- Decision ends 25-year campaign for non-Orthodox worship site
- Government plans to renovate site at Jerusalem's Western Wall
Israel’s cabinet approved the creation of a permanent space for non-Orthodox prayer at Jerusalem’s Western Wall, under pressure from American Jewry and liberal Jewish denominations that have long chafed at Orthodox control of the holy site.
The space near the main prayer plaza abutting the wall will allow for practices frowned upon by Orthodox Israeli rabbinate, such as women and men praying together without a partition. Women will also be allowed to lead services and read from the Jewish holy book known as the Torah, according to the decision approved by the cabinet.
The campaign for pluralistic worship has been going on for 25 years, led by a group known as Women of the Wall. The Masorti Movement, known abroad as the Conservative movement, said the cabinet’s decision is an “historic moment” that “brings us measurably closer to the simple, basic fact that there is more than one way to be Jewish.”
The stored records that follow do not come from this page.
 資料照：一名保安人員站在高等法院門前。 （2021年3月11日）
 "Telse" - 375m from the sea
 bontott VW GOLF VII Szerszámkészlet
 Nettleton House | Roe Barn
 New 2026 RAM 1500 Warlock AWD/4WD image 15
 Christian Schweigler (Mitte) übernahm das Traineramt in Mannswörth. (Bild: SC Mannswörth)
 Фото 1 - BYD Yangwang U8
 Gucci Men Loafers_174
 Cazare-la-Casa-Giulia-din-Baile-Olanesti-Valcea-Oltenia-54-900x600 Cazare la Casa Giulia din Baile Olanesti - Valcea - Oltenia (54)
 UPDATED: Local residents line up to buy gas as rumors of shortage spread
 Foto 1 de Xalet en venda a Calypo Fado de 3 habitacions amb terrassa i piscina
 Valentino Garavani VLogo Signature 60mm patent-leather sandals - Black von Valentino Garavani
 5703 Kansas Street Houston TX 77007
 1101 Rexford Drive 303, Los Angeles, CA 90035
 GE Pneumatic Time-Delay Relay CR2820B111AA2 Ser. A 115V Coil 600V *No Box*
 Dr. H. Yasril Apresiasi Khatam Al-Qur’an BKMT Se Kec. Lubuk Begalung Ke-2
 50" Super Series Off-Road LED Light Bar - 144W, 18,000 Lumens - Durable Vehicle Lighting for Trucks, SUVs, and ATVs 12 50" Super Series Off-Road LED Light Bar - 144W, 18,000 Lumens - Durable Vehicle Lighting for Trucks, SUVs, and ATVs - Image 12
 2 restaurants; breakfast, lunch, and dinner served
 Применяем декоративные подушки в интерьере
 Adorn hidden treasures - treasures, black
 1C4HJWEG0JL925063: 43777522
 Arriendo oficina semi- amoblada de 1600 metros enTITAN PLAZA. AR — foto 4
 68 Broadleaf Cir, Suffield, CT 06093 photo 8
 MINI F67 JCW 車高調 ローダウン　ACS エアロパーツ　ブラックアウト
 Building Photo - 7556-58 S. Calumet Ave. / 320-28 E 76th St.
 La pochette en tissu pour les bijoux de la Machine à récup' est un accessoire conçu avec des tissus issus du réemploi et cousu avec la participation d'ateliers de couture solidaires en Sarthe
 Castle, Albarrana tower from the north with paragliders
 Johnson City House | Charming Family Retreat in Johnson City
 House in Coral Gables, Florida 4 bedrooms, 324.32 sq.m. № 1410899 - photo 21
Prime Minister Benjamin Netanyahu said ahead of the vote that the proposal was “fair and creative.” The ultra-Orthodox minister of religious services, David Azoulay, has to sign off on the decision, which he opposes. He said in an interview with Israel Radio that he would consult with religious sages from his Shas party before deciding how to proceed.
The government is to allot millions of dollars to renovate the pluralistic worship area, where liberal groups have been allowed to pray since 2000. Sunday’s decision puts the site on an equal footing with the existing plaza where Orthodox practices hold sway, and follows growing tensions with U.S. Jews, the largest Jewish population outside Israel, who are mostly affiliated with the Reform and Conservative movements that feel disenfranchised in Israel.
Israeli officials who back greater pluralism see it as a way to shore up weakened support among U.S. Jews at a time when Israel faces increasing international isolation over its policies toward the Palestinians.
Uri Regev, director of Hiddush - Freedom of Religion for Israel Inc., said the achievement was liable to undermine efforts to loosen the Orthodox rabbinate’s lock on other areas of Jewish life, such as marriage, conversion and burial.
“This decision will enable Prime Minister Netanyahu to say he is living up to his promise to the Jewish Federation of North America to enable any Jew to feel at home in Israel,” Regev said. “It will be a used as a fig leaf to cover for real major existential issues of religion and state that are not being addressed.”